Exercise aim: Below are records with pictures in them. Output exactly the lines from the one with "Woman Sitting On" through the one with "a framed artwork", both included, and leave every picture out; give only those lines.

Provided records:

▼

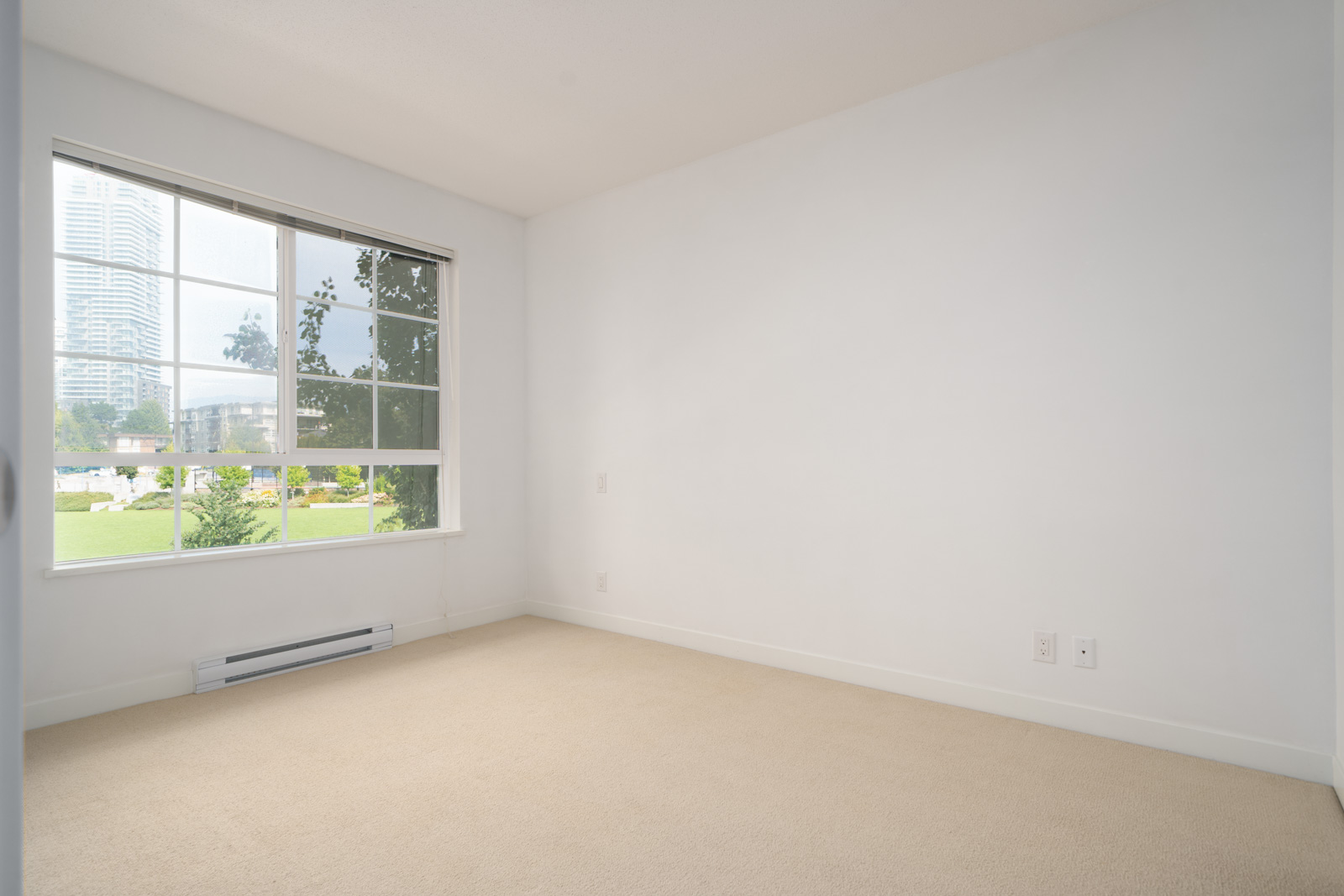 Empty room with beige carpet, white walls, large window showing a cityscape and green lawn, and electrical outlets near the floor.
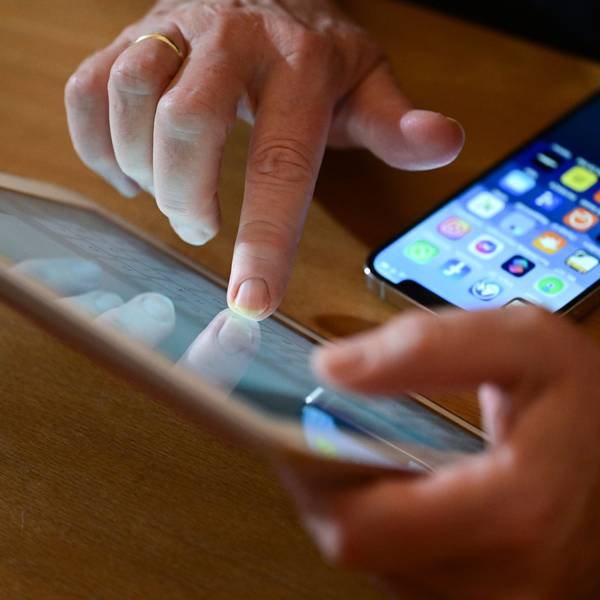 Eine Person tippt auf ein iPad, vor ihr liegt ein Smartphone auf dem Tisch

▲
▼

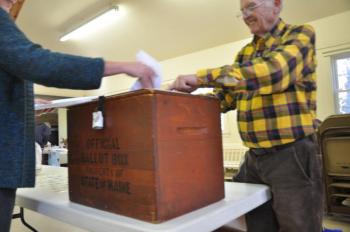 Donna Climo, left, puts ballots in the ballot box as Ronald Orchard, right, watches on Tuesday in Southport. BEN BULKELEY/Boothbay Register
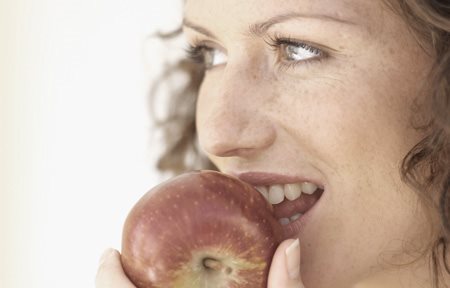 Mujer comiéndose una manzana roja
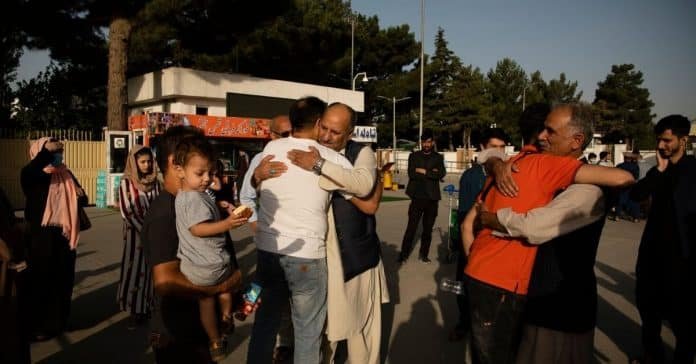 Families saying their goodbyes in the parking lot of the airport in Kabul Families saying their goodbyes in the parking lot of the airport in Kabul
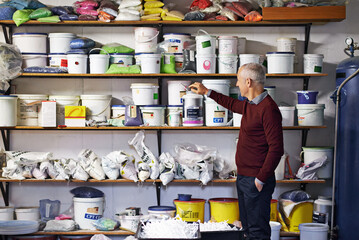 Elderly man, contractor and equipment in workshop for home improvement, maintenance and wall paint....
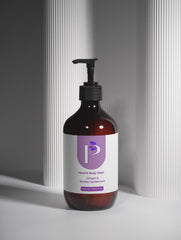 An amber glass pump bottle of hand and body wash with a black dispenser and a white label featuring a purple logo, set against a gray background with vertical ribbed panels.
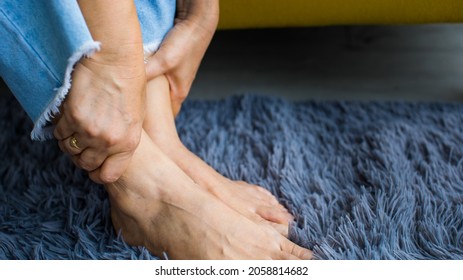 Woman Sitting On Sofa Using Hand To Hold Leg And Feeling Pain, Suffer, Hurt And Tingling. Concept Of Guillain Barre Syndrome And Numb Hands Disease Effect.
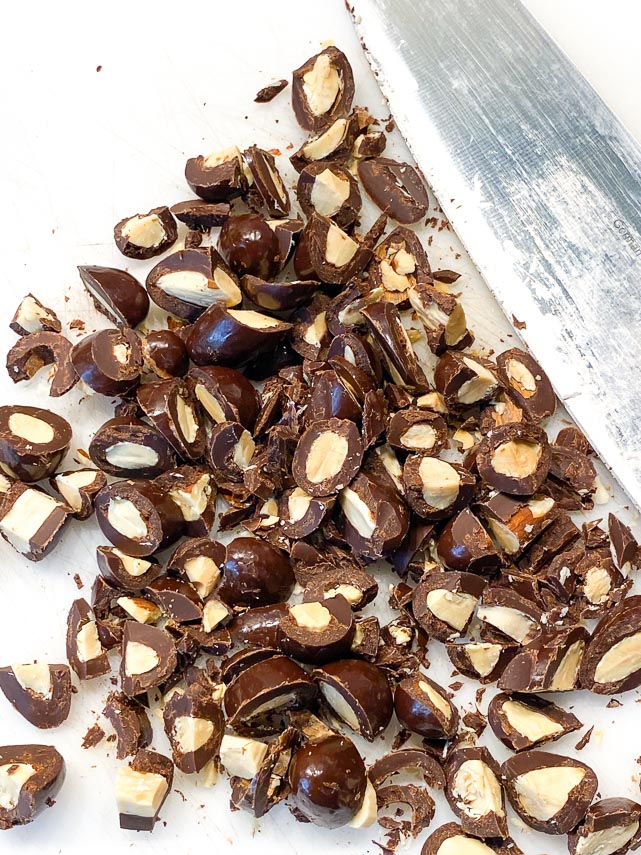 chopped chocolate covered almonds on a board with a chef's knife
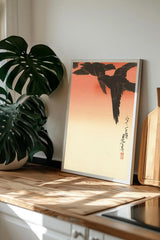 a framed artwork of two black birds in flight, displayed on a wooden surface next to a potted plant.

▲
▼

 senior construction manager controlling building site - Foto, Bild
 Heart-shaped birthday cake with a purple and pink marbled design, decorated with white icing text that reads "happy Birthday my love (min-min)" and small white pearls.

▲

Output:
 Woman Sitting On Sofa Using Hand To Hold Leg And Feeling Pain, Suffer, Hurt And Tingling. Concept Of Guillain Barre Syndrome And Numb Hands Disease Effect.
 chopped chocolate covered almonds on a board with a chef's knife
 a framed artwork of two black birds in flight, displayed on a wooden surface next to a potted plant.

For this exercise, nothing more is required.